TASK OBJECTIVE: Omit any picture, and return the remaining data exactly as written.

Image-caption web data:
--*--

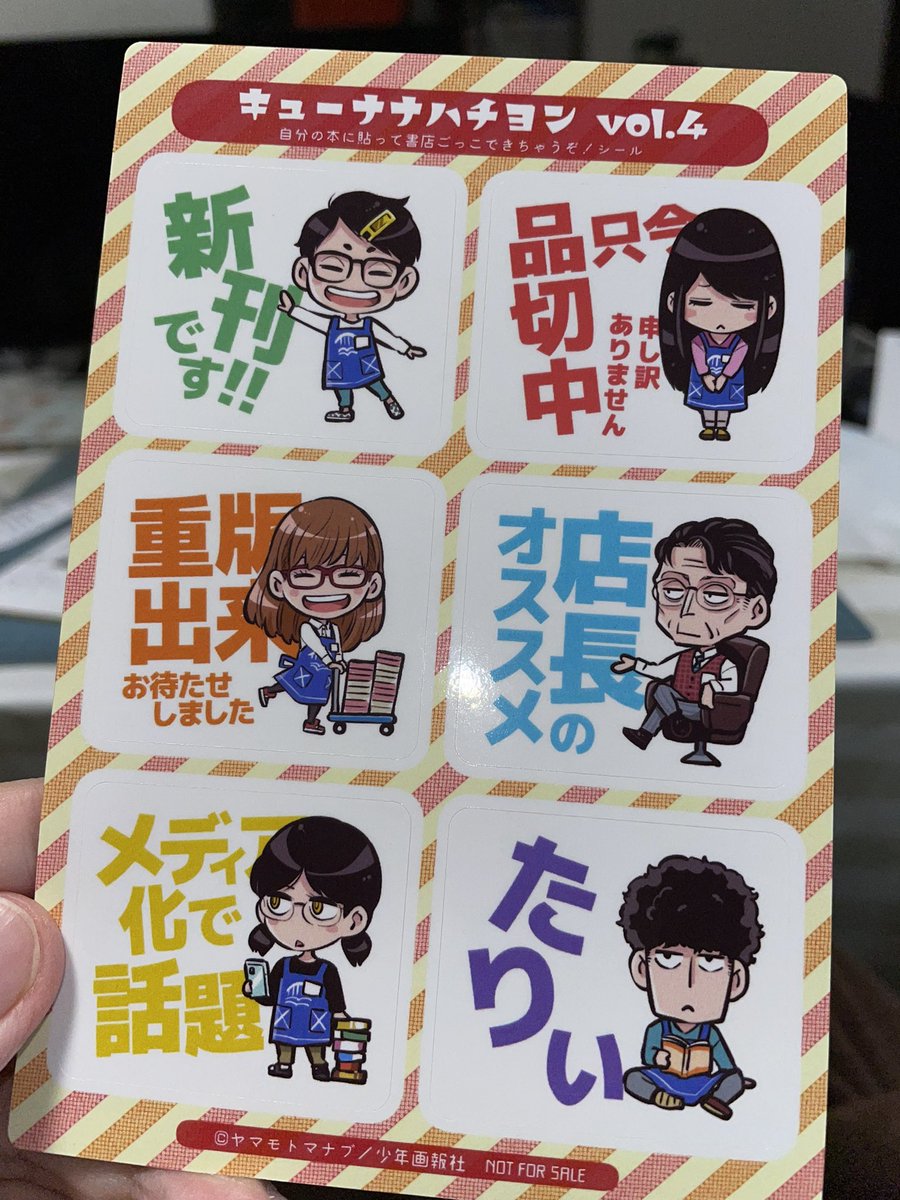 今回のルーシー限定特典(自腹)が無事仕上がって来た〜!!✨✨
良い出来!
#キューナナハチヨン 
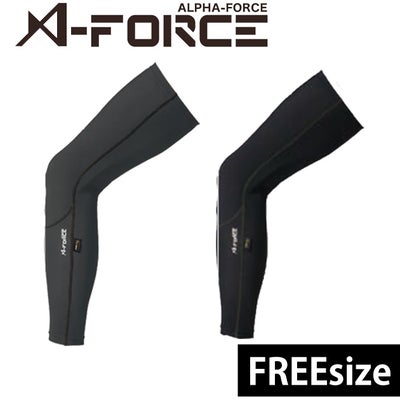 A-FORCE アルファフォース 作業着 春夏作業服 レッグカバー AF1709
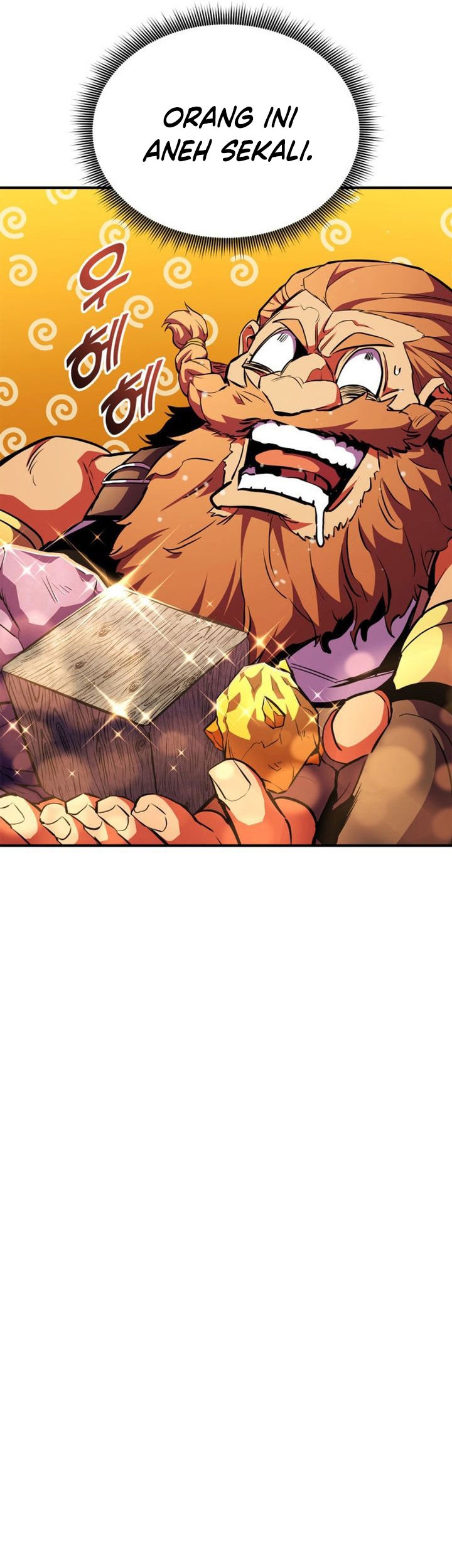 Manga page 42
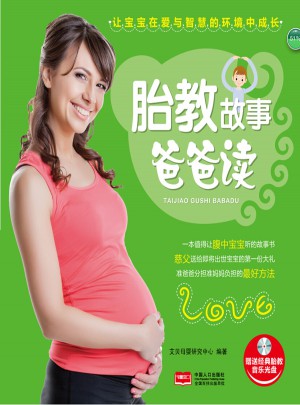 胎教故事爸爸读
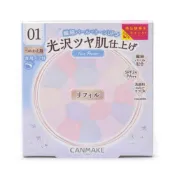 (店+)【CANMAKE】日本 棉花糖蜜粉餅補充裝  abloom皮革壓紋限定 定妝控油  霧面 珠光 SPF防曬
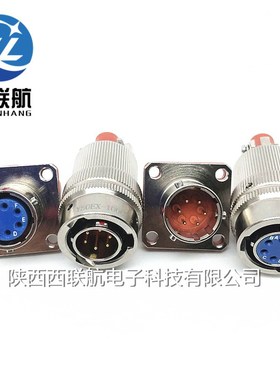 6芯航空插头座Y50EX-1006TK2 Y50EX-1006ZJ10 连接器公母电缆接插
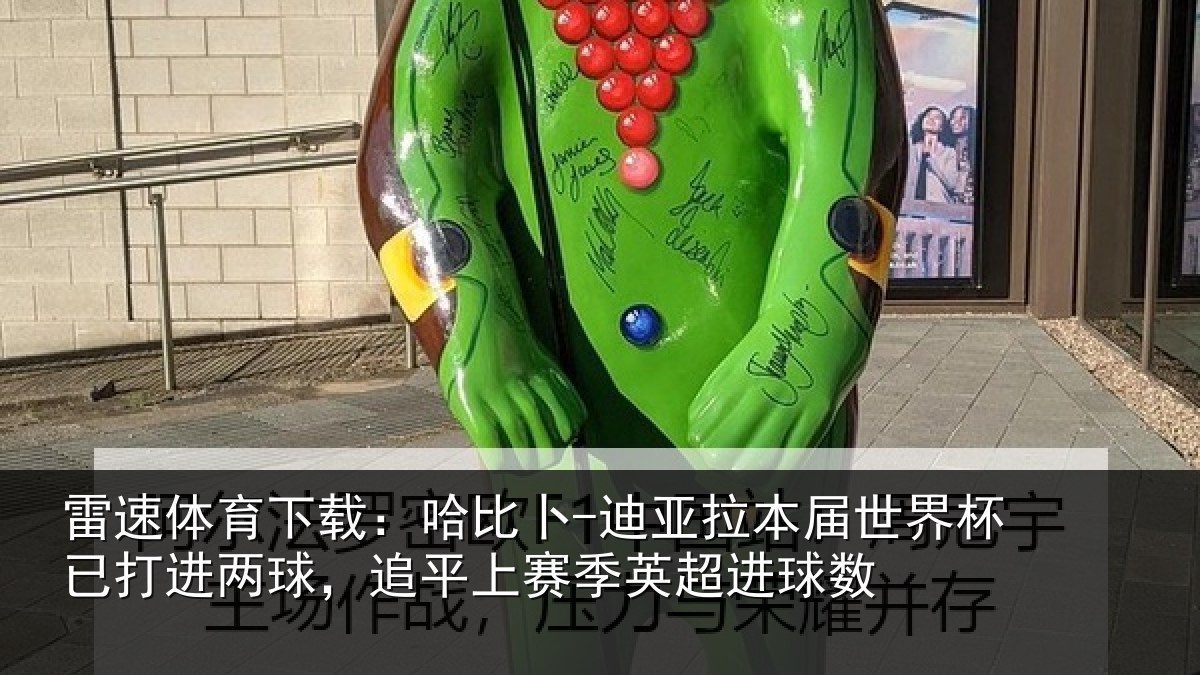 雷速体育下载：哈比卜-迪亚拉本届世界杯已打进两球，追平上赛季英超进球数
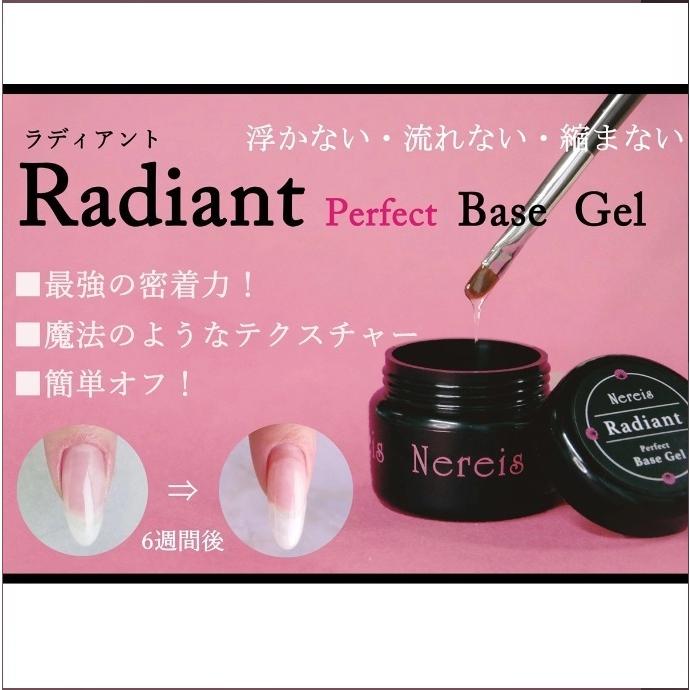 手数料安い ジェルネイル ラディアント パーフェクト ベースジェル 25g Nereis 完売 Studiostodulky Cz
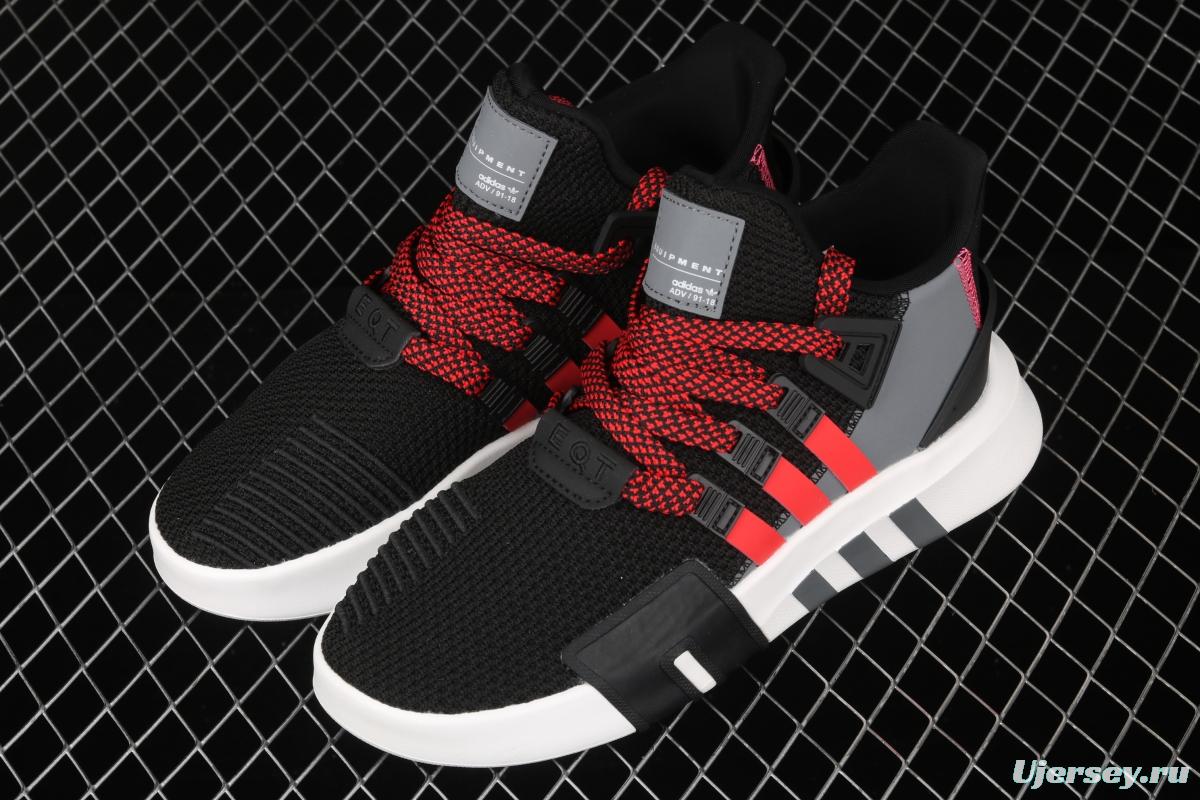 Adidas EQT Bask AdidasV BD7777 Das sports casual shoes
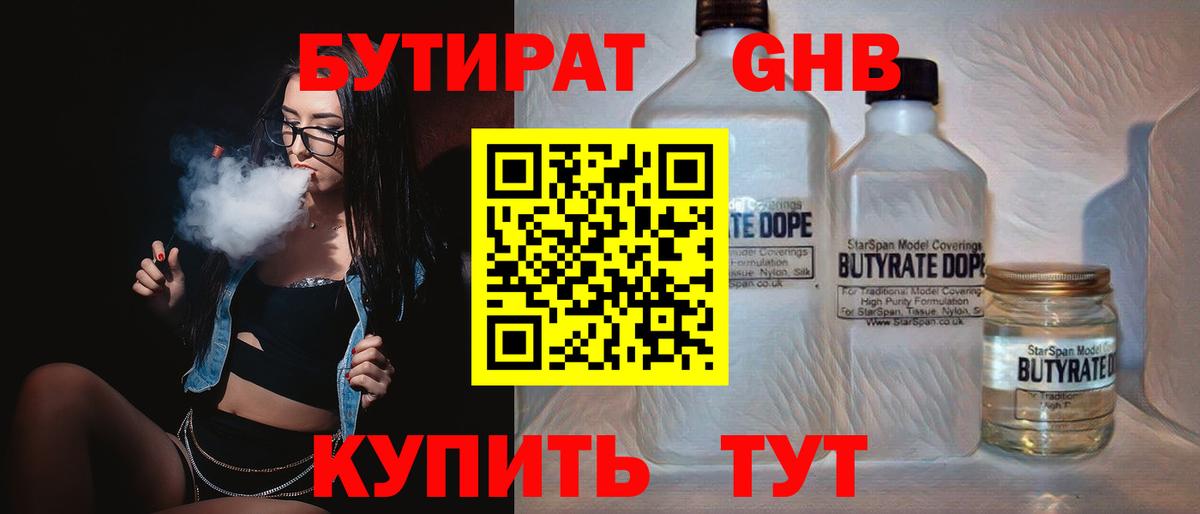 БУТИРАТ 99% Волгодонск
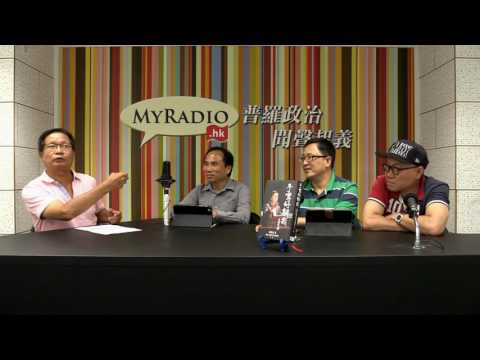 天天天藍 160919 ep179 p1 of 3  林昶佐(台灣入聯)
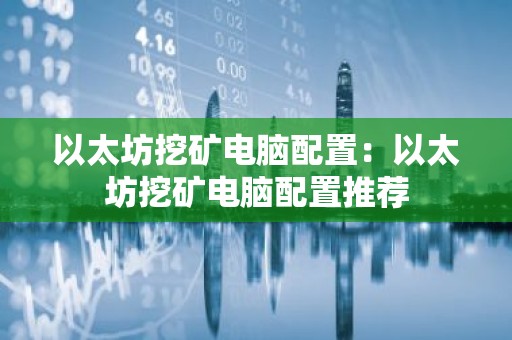 以太坊挖矿电脑配置：以太坊挖矿电脑配置推荐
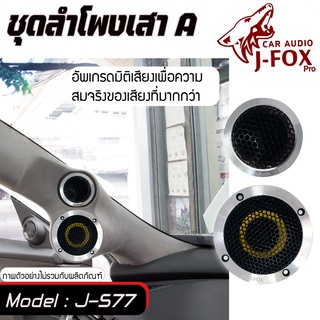 [ลดพิเศษ]ลำโพง 3นิ้ว อลูมิเนียมแยกชิ้นJ-FOX PROรุ่นJ-577 เสียงดี มิติเสียงชัด จำนวน1ชุดได้4ดอก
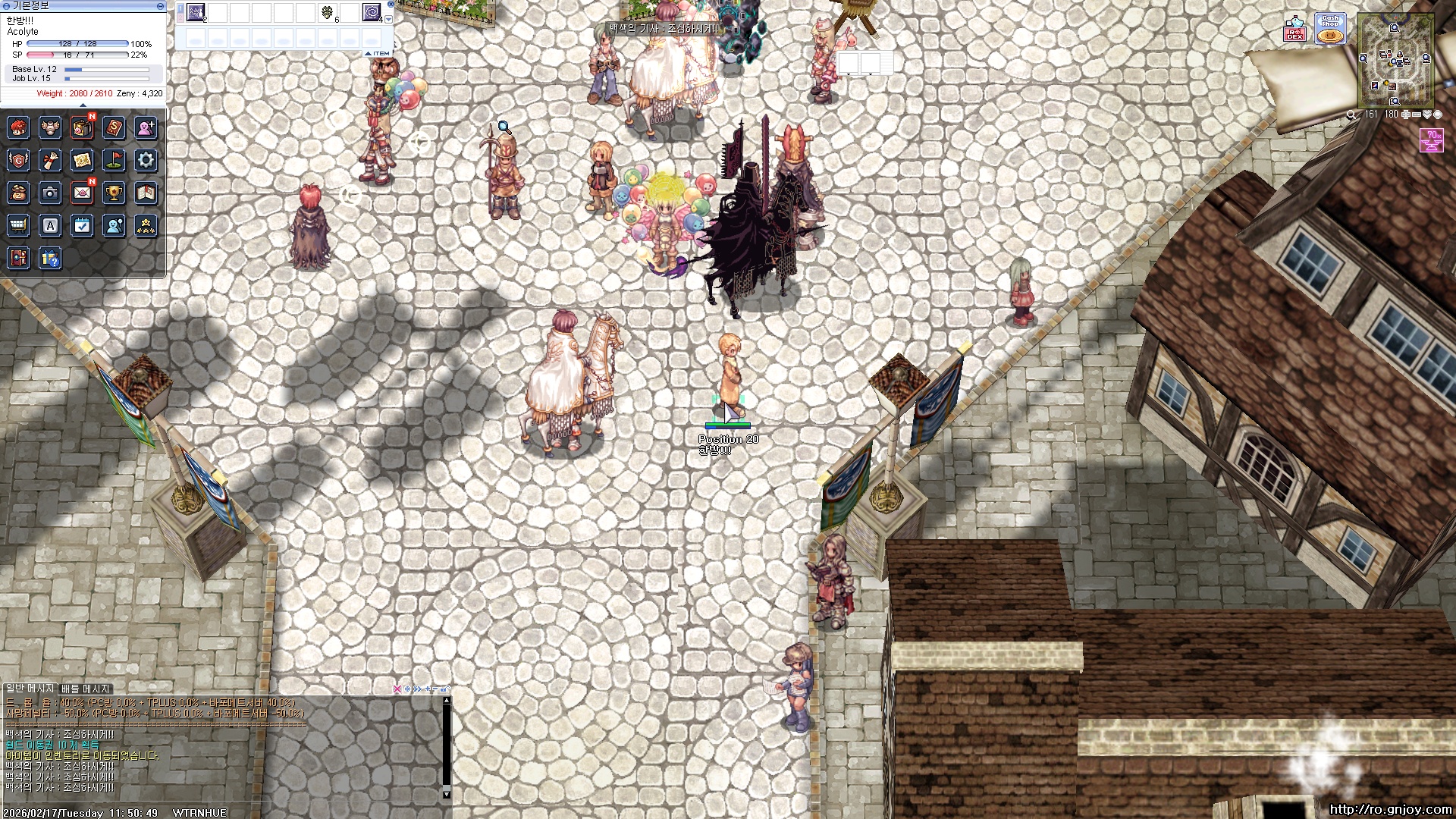 스크린샷 스틸이미지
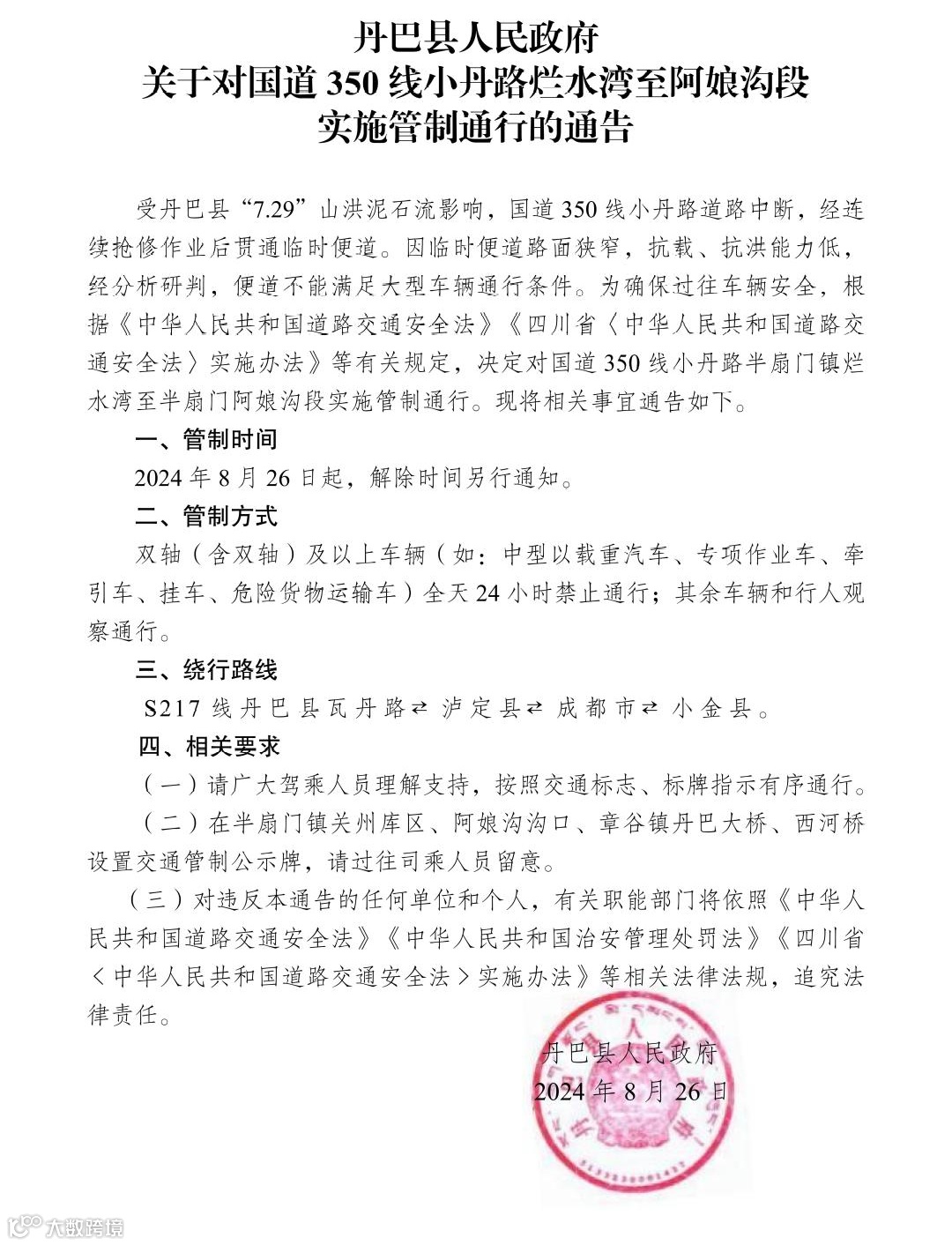 丹巴县人民政府关于对国道350线小丹路烂水湾至阿娘沟段实施交通管制的通告(2)(1)_00.jpg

--*--

EXERCISE RESPONSE:
 今回のルーシー限定特典(自腹)が無事仕上がって来た〜!!✨✨
良い出来!
#キューナナハチヨン 
 A-FORCE アルファフォース 作業着 春夏作業服 レッグカバー AF1709
 Manga page 42
 胎教故事爸爸读
 (店+)【CANMAKE】日本 棉花糖蜜粉餅補充裝  abloom皮革壓紋限定 定妝控油  霧面 珠光 SPF防曬
 6芯航空插头座Y50EX-1006TK2 Y50EX-1006ZJ10 连接器公母电缆接插
 雷速体育下载：哈比卜-迪亚拉本届世界杯已打进两球，追平上赛季英超进球数
 手数料安い ジェルネイル ラディアント パーフェクト ベースジェル 25g Nereis 完売 Studiostodulky Cz
 Adidas EQT Bask AdidasV BD7777 Das sports casual shoes
 БУТИРАТ 99% Волгодонск
 天天天藍 160919 ep179 p1 of 3  林昶佐(台灣入聯)
 以太坊挖矿电脑配置：以太坊挖矿电脑配置推荐
 [ลดพิเศษ]ลำโพง 3นิ้ว อลูมิเนียมแยกชิ้นJ-FOX PROรุ่นJ-577 เสียงดี มิติเสียงชัด จำนวน1ชุดได้4ดอก
 스크린샷 스틸이미지
 丹巴县人民政府关于对国道350线小丹路烂水湾至阿娘沟段实施交通管制的通告(2)(1)_00.jpg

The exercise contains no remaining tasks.